--- Exercise data ---
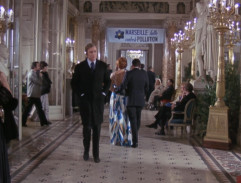 Marseillská smlouva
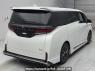 Used 2024 AT toyota vellfire-hybrid AAHH45W Image[1]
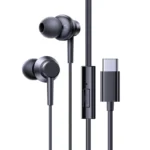 Baseus Encok CZ11 Type-c Wired Earphones
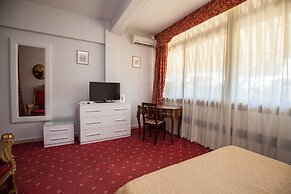 Hotel Giulietta e Romeo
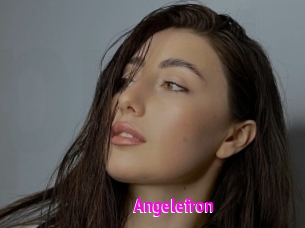 Angelefron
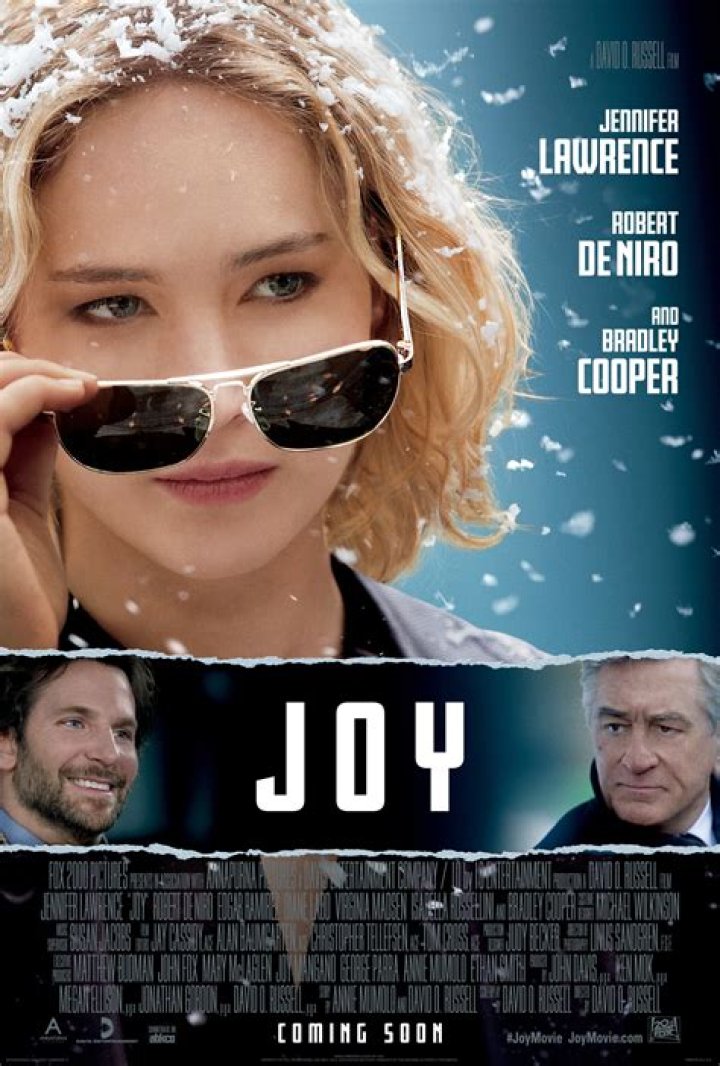 Jennifer Lawrence beams with joy as she and husband Cooke Maroney take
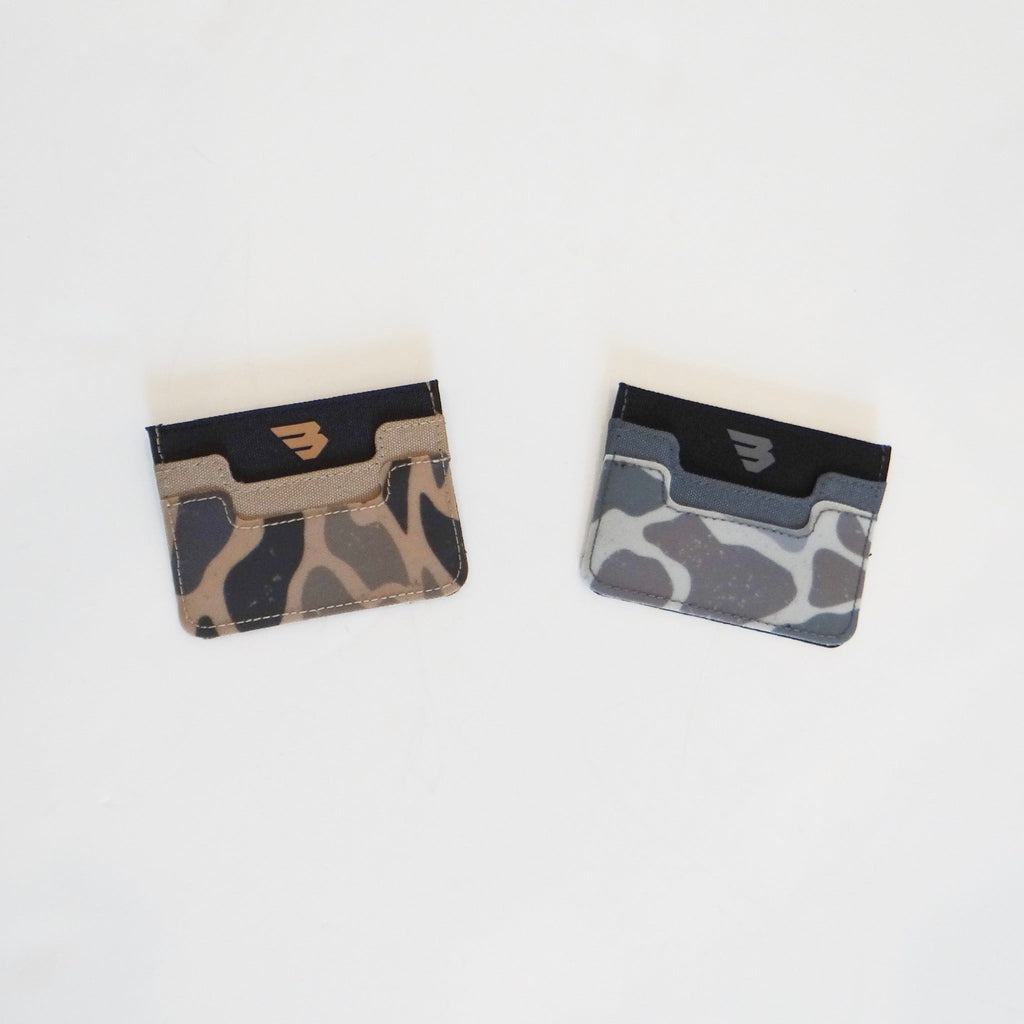Burlebo Wallet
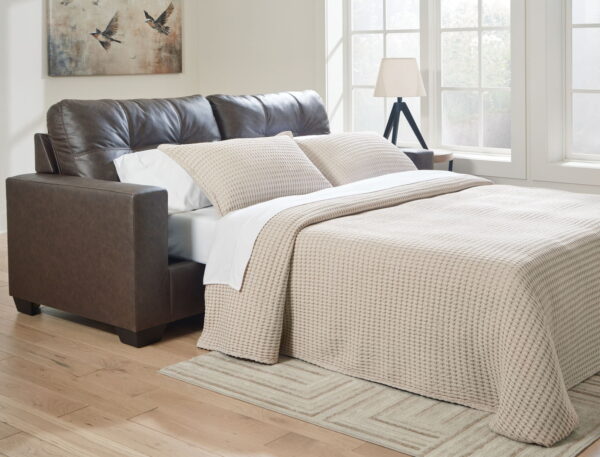 Barlin Mills - Sofa Sleeper - Image 3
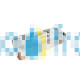 Scambiatore chaffoteaux ocean 17b2071401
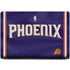 NBA Phoenix Suns Jersey Dell Inspiron Skin
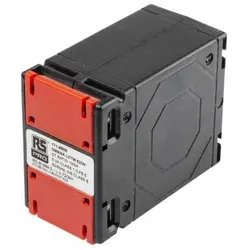 RS PRO, Spannungswandler, Current Transformer, 10:5A, 62x40mm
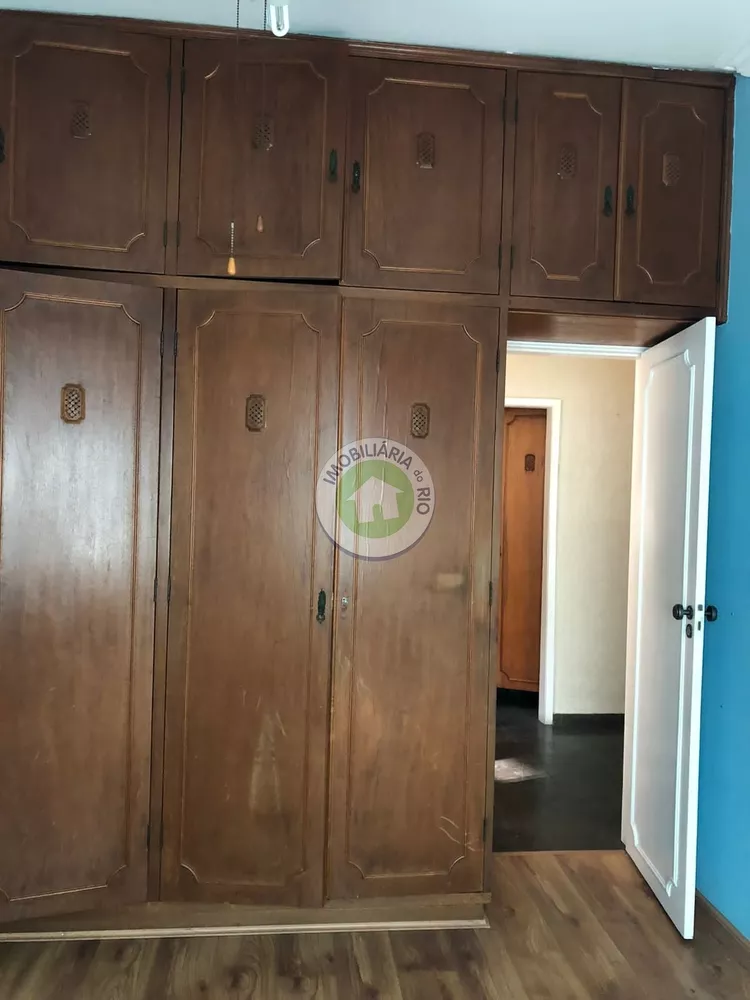 Casa, 4 quartos, 147 m² - Foto 47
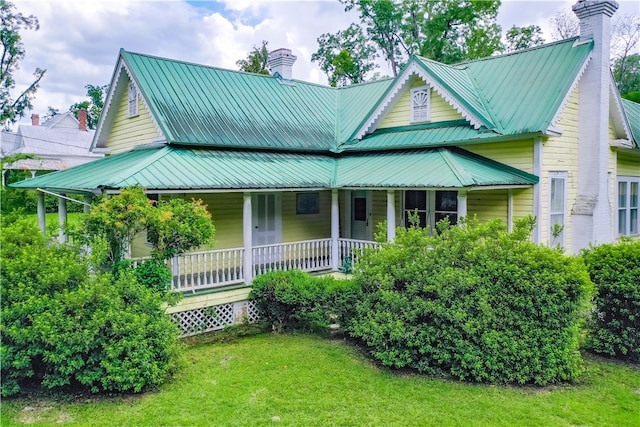 854 Jenkins St, Blackshear, GA 31516 - photo 7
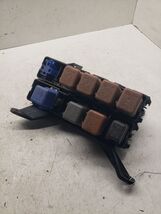 00-01 Altima Fuse Box Engine OEM***SHIPS SAME DAY *** - $31.63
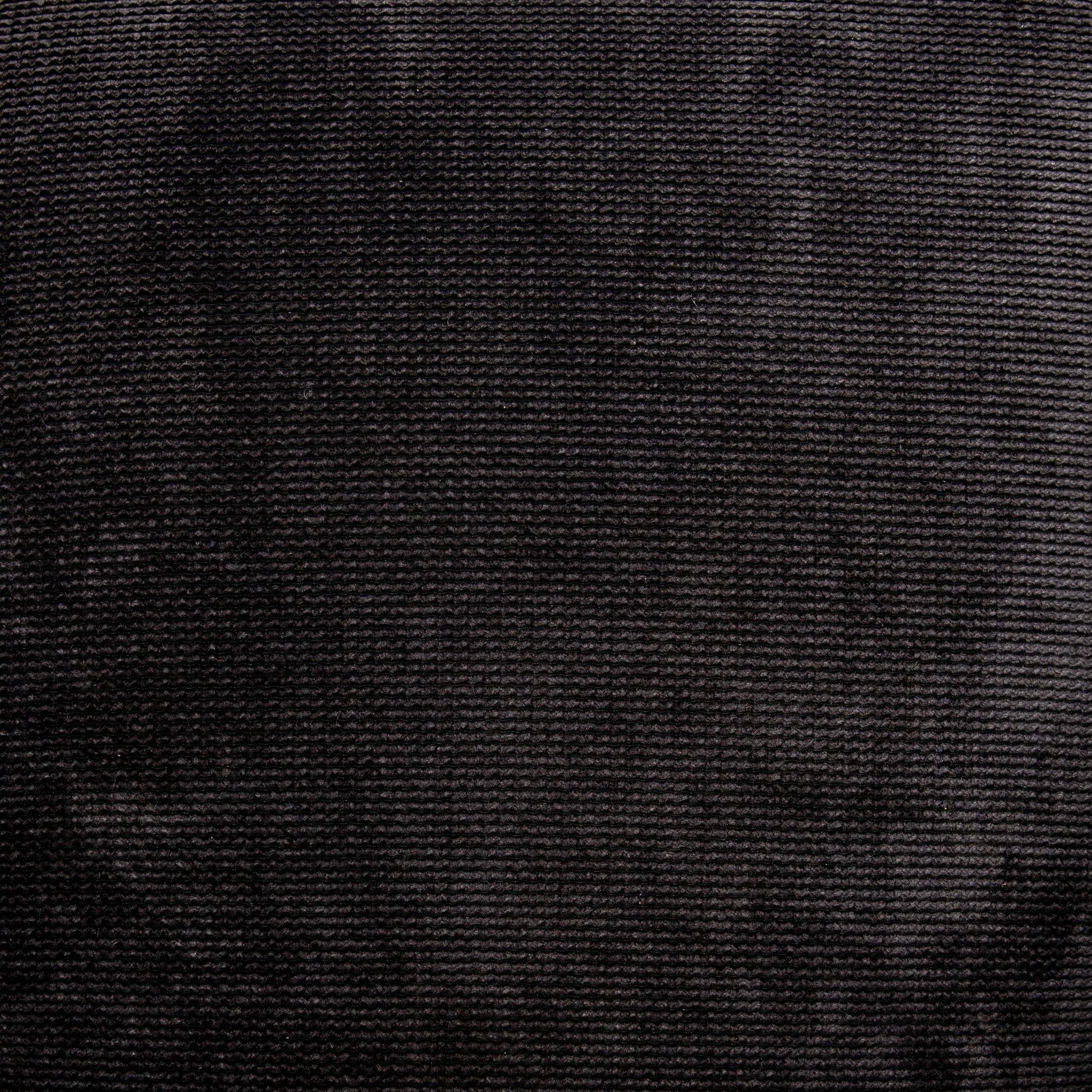 Cavendish Accent Chair stamps-home-furniture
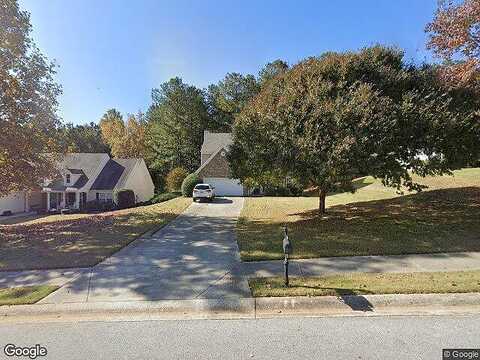 Caney Fork, BRASELTON, GA 30517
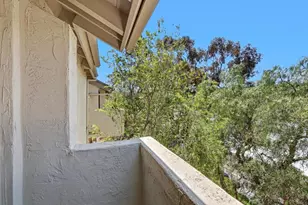 2728 Ariane Dr, San Diego, CA 92117 - Photo 15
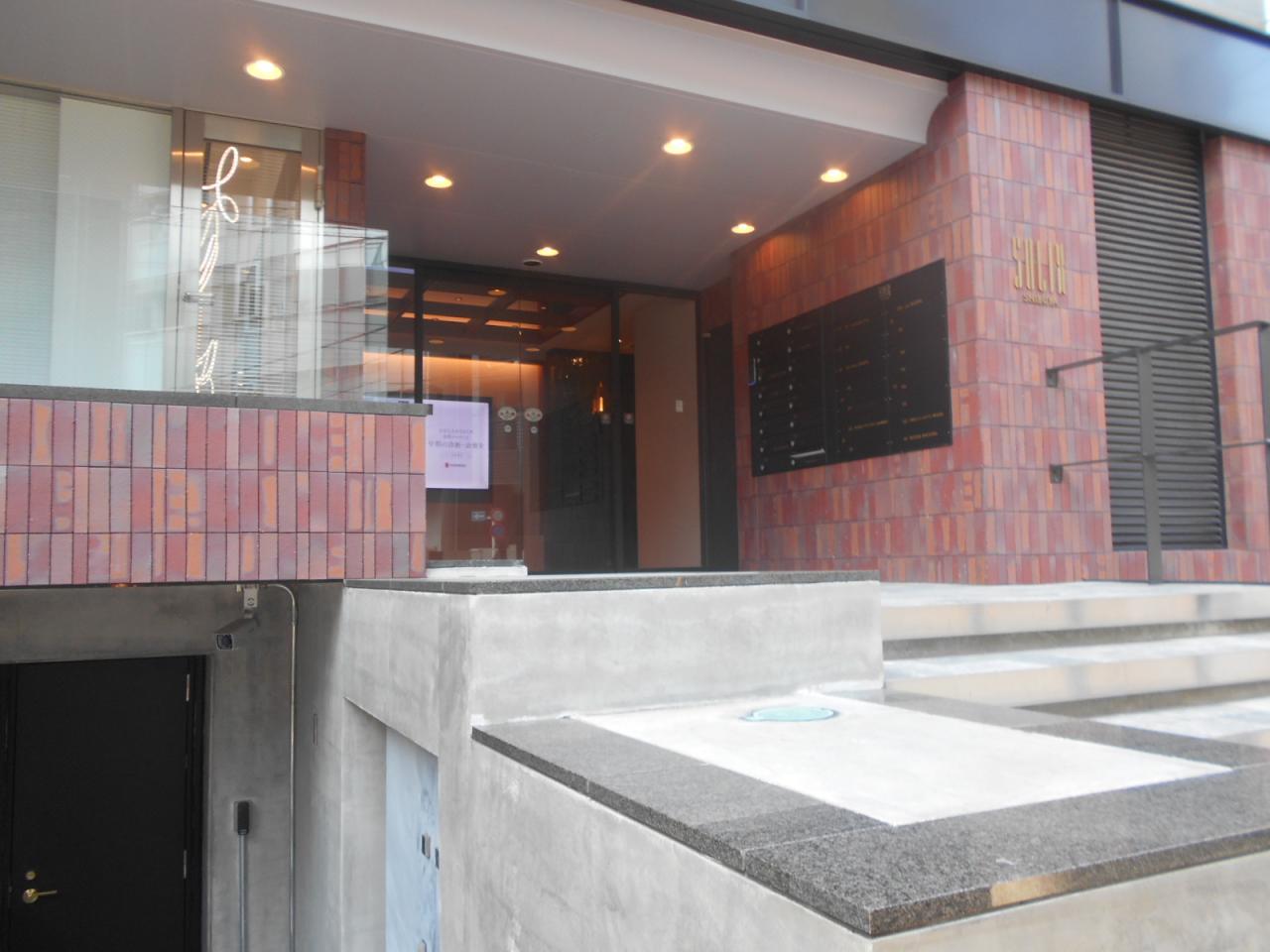 SOLIX SHIBUYA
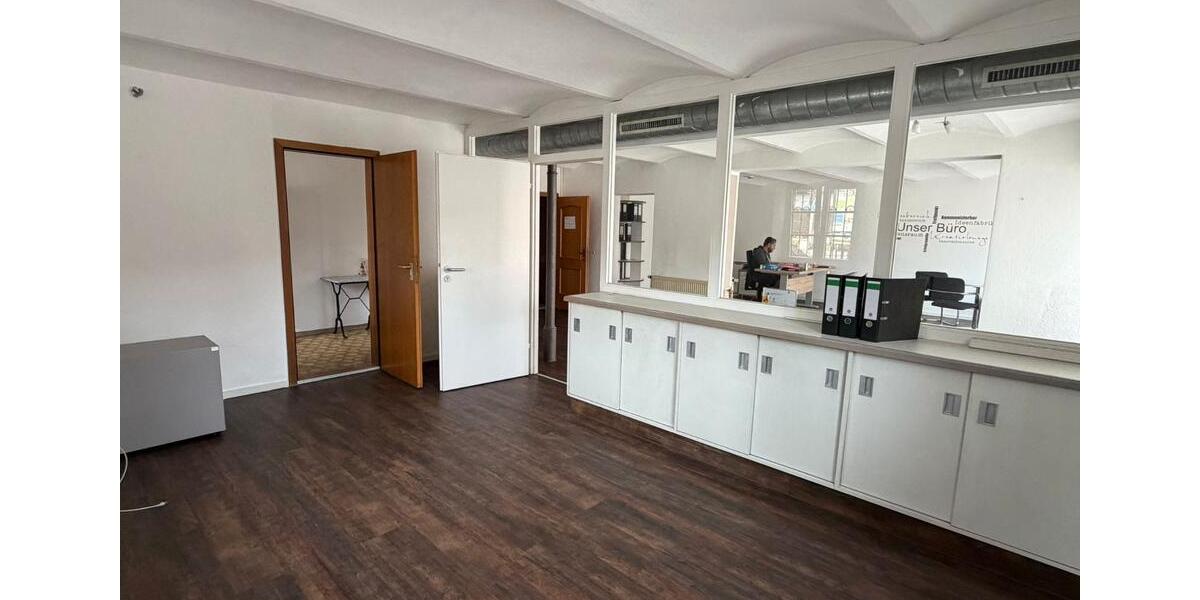 Gewerbeobjekt Glonn - 1.495&euro; | Angebot:26167880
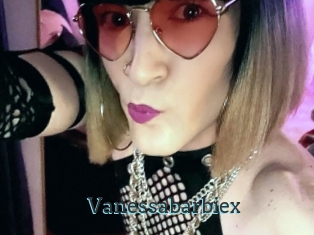 Vanessabarbiex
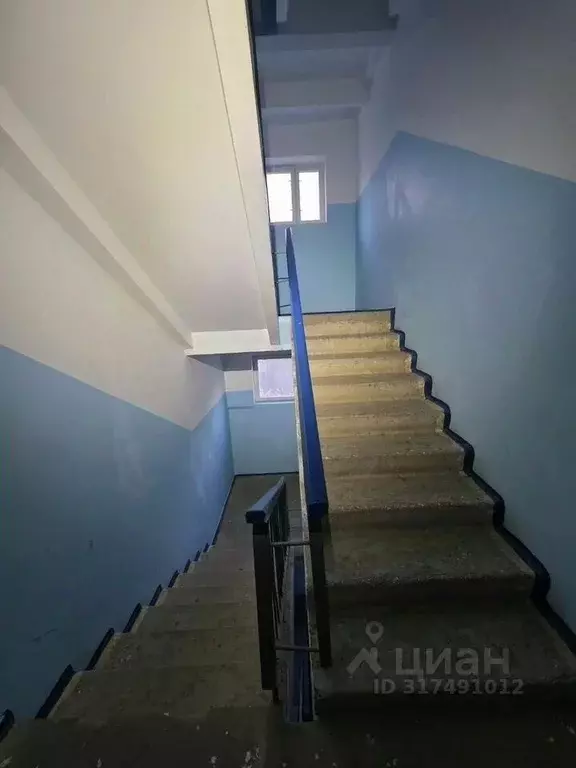 3-к кв. Крым, Феодосия бул. Старшинова, 8А (70.1 м) - Фото 1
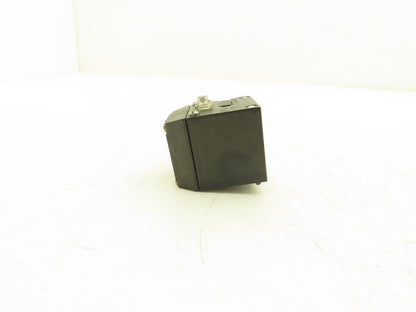 Pepperl+Fuchs MPP1 Photoelectric Sensor Scanning Photo Head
---
● Aim of the exercise: One exact copy of the data is required, and it should hold no pictures.

● Answer to the exercise:
 Marseillská smlouva
 Used 2024 AT toyota vellfire-hybrid AAHH45W Image[1]
 Baseus Encok CZ11 Type-c Wired Earphones
 Hotel Giulietta e Romeo
 Angelefron
 Jennifer Lawrence beams with joy as she and husband Cooke Maroney take
Burlebo Wallet
 Barlin Mills - Sofa Sleeper - Image 3
 Scambiatore chaffoteaux ocean 17b2071401
 NBA Phoenix Suns Jersey Dell Inspiron Skin
 RS PRO, Spannungswandler, Current Transformer, 10:5A, 62x40mm
 Casa, 4 quartos, 147 m² - Foto 47
 854 Jenkins St, Blackshear, GA 31516 - photo 7
 00-01 Altima Fuse Box Engine OEM***SHIPS SAME DAY *** - $31.63
 Cavendish Accent Chair stamps-home-furniture
 Caney Fork, BRASELTON, GA 30517
 2728 Ariane Dr, San Diego, CA 92117 - Photo 15
 SOLIX SHIBUYA
 Gewerbeobjekt Glonn - 1.495&euro; | Angebot:26167880
 Vanessabarbiex
 3-к кв. Крым, Феодосия бул. Старшинова, 8А (70.1 м) - Фото 1
 Pepperl+Fuchs MPP1 Photoelectric Sensor Scanning Photo Head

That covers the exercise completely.